» **Action item**
Every line of the material needs an exact copy, apart from the images.

» **Given information**
──────

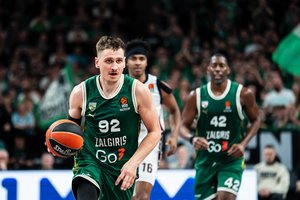 „Žalgirio“ kapitonas E. Ulanovas žvilgtelėjo į ateitį: „Jei galvosime, kad yra problema, bus blogai“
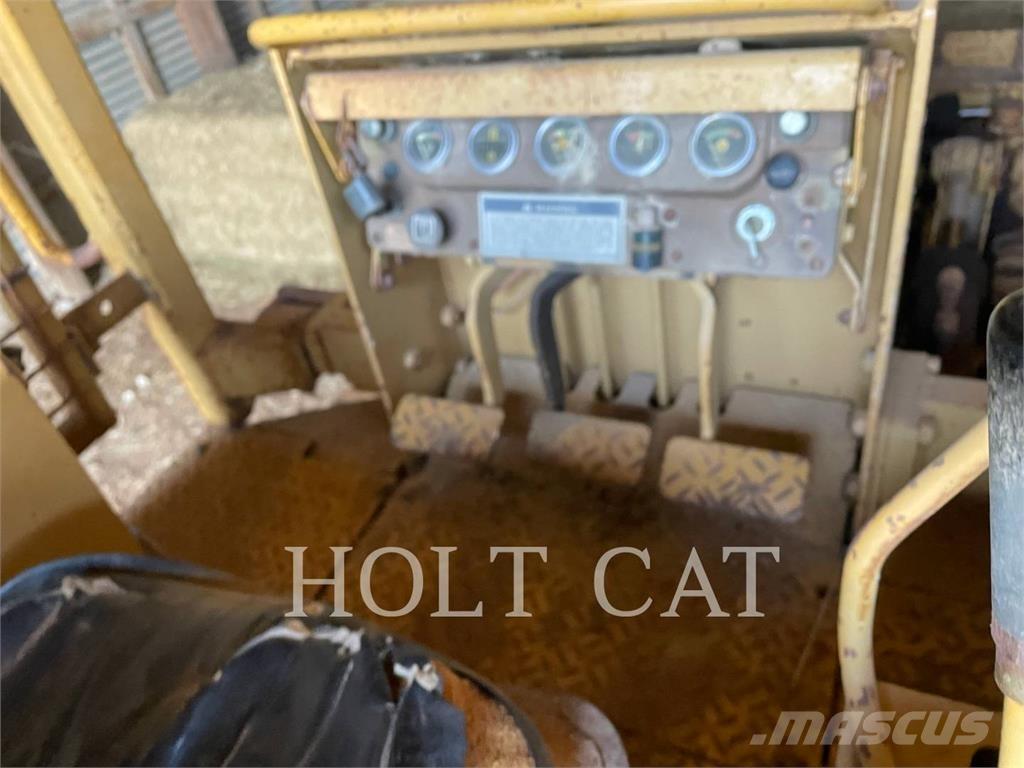 CAT D3B Spycharki gąsienicowe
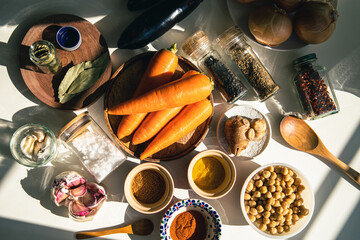 カレーの材料　人参や玉ねぎなどの野菜とローリエや胡椒などのスパイス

──────

» **Exercise solution**
 „Žalgirio“ kapitonas E. Ulanovas žvilgtelėjo į ateitį: „Jei galvosime, kad yra problema, bus blogai“
 CAT D3B Spycharki gąsienicowe
 カレーの材料　人参や玉ねぎなどの野菜とローリエや胡椒などのスパイス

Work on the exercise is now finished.